Win shows primary heads can fight job-sizing salary cuts

10th November 2006 at 00:00
Leaders of primary headteachers have issued a warning that the job-sizing of promoted posts should not be regarded as cut and dried.

The Association of Headteachers and Deputes in Scotland, which held its annual conference in Edinburgh last week, has won a case against Glasgow City Council for cutting the salary of one of its members after her post was job-sized.

"It sends out a signal that this can be challenged and it can be won," said Bill Milligan, the association's professional advice convener.

The association engaged a solicitor to fight its corner and the council eventually agreed to move the head from point 10 to point 12 on the salary scale, a pay differential of more than pound;4,000. It was backdated to November 2004, when she lodged her formal grievance.

The case turned on whether sufficient account had been taken of the headteacher's responsibilities for additional support needs when the post was assessed. The council has indicated to the association that it will now review the position of heads in four other primaries.

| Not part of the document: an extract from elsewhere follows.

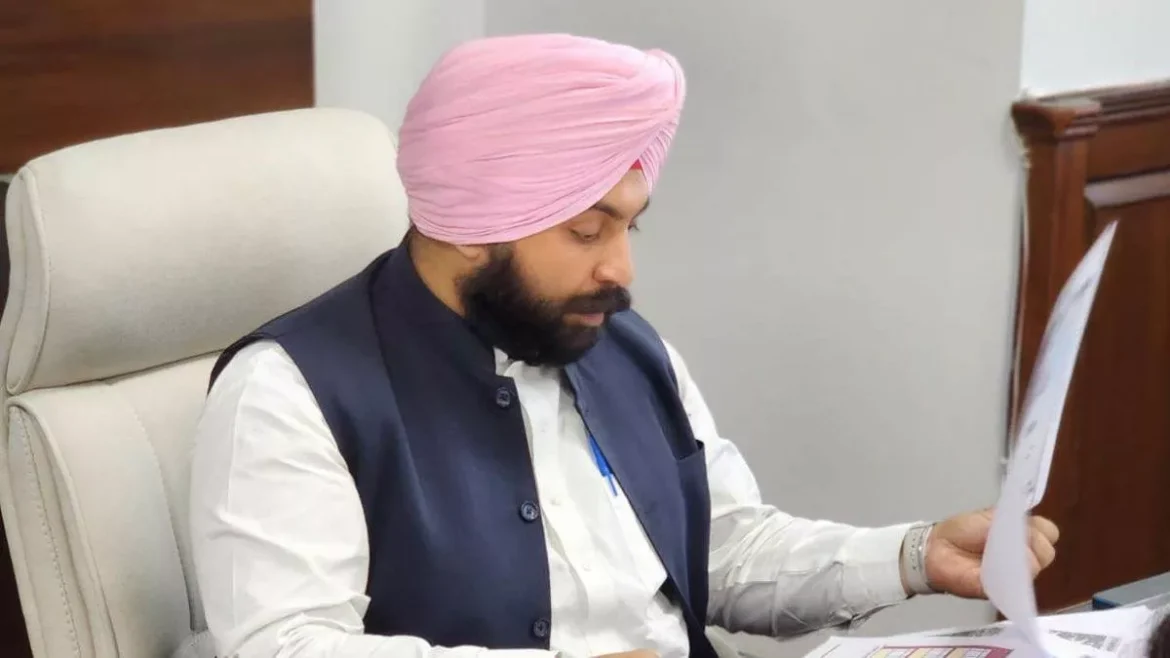 Education Minister Harjot Singh: पंजाब 36 स्कूल प्रिंसिपलों के 7वें समूह को 5 दिवसीय प्रशिक्षण कार्यक्रम के लिए सिंगापुर भेजेगा।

Job-sizing remains one of the most contentious issues for heads. Tom Burnett, the news AHDS president, called for a re-think, saying that the exercise "has reduced the clarity of career structures and financial incentives to seek headship".

Peter Peacock, the Education Minister, promised to investigate why fewer people were applying to become heads, although he said "we are not yet in a crisis position because we are still getting good quality applicants".

Mr Peacock also confirmed the pledge that there would be a review of job-sizing, but only when the exercise had a chance to become "fully settled".

* Staff in primary schools need training in "de-escalation" and physical restraint techniques, the conference heard.

* "Nobody I know believes that having 32 education authorities in Scotland is sustainable," Peter Peacock, the education minister, said. He wants more joint working.

* The Scottish Executive could begin to exercise more control over local authorities because next May's council elections will return large numbers of inexperienced councillors, Charles Gray, education spokesperson for the Convention of Scottish Local Authorities, warned.